Великий момент! Miserere, сочиненное в начале XVII века собственным композитором знаменитой капеллы, было ревниво охраняемым сокровищем. Написанное для двойного хора на слова 51-го псалма, оно проникало в душу благодаря как чистоте голосов, так и инсценировке, предшествовавшей его исполнению. Говорят, что юный Моцарт, услышав его в 1770 году, смог, выйдя из собора, записать его от начала до конца. Один экземпляр (подписанный гением) просочился в свет.
У Жюльетты еще будет случай снова послушать этот хор, и мы к этому еще вернемся, но в начале 1813 года доступ в Сикстинскую капеллу, закрытую в отсутствие Святого отца, был закрыт. Одетая, как положено, во все черное с ног до головы, она заняла место в большой Хоровой капелле, богато украшенной искусственным мрамором и позолотой, где по традиции ставили гроб с телом недавно умершего папы, пока не закончится сооружение предназначенного для него памятника. В тот вечер она была сильно удивлена: пока великолепные и нежные голоса кастратов уносились ввысь, она, крайне взволнованная, услышала рядом рыдания растроганного мужчины. Это был префект полиции, г-н де Норвен… Кто бы мог подумать, что высший имперский чиновник, да еще на такой суровой должности, окажется столь чувствительным?..
Г-же Рекамье понравится в Риме. Очень скоро она полюбит неподражаемую красоту неба, холмов, развалин (где проводили раскопки археологи, отряженные Наполеоном), церквей и дворцов. В Риме к ней вернулся жизненный задор. Невеселый, осиротевший город, оставленный блестящими иностранцами, оживлявшими его светский сезон, город во власти оккупанта покорил ее и излечил.

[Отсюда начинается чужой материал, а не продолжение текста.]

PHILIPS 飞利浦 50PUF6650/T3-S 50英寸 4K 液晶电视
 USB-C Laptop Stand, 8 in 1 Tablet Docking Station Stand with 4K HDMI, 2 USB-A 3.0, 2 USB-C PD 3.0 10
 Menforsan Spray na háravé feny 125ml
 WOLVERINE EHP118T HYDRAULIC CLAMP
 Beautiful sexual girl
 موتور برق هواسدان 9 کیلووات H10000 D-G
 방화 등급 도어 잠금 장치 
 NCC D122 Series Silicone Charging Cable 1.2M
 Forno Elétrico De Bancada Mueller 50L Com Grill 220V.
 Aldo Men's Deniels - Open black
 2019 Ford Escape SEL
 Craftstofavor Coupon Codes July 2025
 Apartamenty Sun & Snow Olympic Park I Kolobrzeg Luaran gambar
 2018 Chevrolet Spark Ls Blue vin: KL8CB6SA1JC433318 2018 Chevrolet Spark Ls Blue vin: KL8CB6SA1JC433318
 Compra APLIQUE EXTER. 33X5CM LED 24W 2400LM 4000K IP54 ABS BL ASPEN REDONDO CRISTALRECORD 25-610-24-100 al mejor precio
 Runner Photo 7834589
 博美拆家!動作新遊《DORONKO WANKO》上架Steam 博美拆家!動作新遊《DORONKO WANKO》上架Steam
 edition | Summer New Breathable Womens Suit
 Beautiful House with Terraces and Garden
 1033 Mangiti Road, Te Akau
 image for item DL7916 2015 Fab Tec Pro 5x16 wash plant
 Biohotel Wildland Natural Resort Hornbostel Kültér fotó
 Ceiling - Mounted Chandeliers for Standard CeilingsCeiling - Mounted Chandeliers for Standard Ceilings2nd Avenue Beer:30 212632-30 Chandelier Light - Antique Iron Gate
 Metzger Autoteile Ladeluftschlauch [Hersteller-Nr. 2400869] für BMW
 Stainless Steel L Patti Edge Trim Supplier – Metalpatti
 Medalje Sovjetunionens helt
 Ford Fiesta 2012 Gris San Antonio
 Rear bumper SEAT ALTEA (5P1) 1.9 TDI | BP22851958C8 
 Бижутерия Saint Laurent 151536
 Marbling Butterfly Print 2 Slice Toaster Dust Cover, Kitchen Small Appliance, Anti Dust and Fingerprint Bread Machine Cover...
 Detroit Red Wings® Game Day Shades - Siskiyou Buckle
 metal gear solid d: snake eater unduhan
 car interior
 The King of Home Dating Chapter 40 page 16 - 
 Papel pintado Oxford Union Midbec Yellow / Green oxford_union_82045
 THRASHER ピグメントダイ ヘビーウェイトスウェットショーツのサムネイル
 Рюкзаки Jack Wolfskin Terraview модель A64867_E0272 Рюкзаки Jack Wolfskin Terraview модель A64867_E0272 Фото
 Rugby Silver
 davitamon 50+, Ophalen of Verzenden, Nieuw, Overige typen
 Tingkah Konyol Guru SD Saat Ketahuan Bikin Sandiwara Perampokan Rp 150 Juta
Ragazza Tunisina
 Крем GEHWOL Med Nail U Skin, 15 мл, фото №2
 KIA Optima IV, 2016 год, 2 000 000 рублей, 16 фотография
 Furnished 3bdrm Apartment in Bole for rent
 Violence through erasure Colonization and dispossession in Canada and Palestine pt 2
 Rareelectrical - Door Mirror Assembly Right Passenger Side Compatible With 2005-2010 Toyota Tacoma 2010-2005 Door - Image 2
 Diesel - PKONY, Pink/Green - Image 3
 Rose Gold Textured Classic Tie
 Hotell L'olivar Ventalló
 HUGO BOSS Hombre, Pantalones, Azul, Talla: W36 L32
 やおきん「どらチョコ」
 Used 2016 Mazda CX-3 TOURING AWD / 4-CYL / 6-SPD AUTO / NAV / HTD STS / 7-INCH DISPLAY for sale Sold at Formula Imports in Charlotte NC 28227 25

Жюльетта без труда составила себе приятное окружение. Поселившись на Корсо — элегантном проспекте Рима, между площадью Венеции и Пьяцца дель Пополо, — она смогла открыть скромный, но приятный салон. Палаццо Фиано занимал центральное положение: на углу площади Лючина, напротив улицы Фраттина, параллельной улице Кондотти, выходящей на площадь Испании. Эта резиденция Перетти, а затем Оттобони, в стиле барокко, но перестроенная в конце XIX века, до сих пор сохраняет всё свое очарование и миленький фонтан во внутреннем дворике. Во времена г-жи Рекамье палаццо Фиано был знаменит своим кукольным театром. Этим развлечением очень дорожили, потому что оно не подвергалось цензуре. Особенно ценил его Стендаль. В двух шагах оттуда — церковь Святого Лаврентия в Лючине, основанная в IV веке, гордившаяся тремя своими сокровищами: решеткой, на которой был сожжен святой, красивым распятием над алтарем и могилой Никола Пуссена. Жюльетта, считавшая, что последняя слишком мало известна, впоследствии, вместе с Шатобрианом, способствовала созданию барельефа, достойного великого художника.
Навещали ее, кроме официальных лиц, с которыми она была в хороших отношениях, по большей части французы. Самым романизированным из них, и самым пожилым, был старый маркиз д'Аженкур, археолог и нумизмат, который уже почти сорок лет, поселившись в Вечном Городе, изучал его чудеса, работая над «Историей искусства в памятниках». Это был типичный дворянин дореволюционной эпохи, безупречно учтивый, рыцарски галантный и безгранично добродушный. Он жил в доме под названием «Сальваторе Роза» у церкви Святой Троицы на холмах, и когда Жюльетта навещала его, то обратно уходила с целыми охапками цветов и ветвей апельсинового дерева.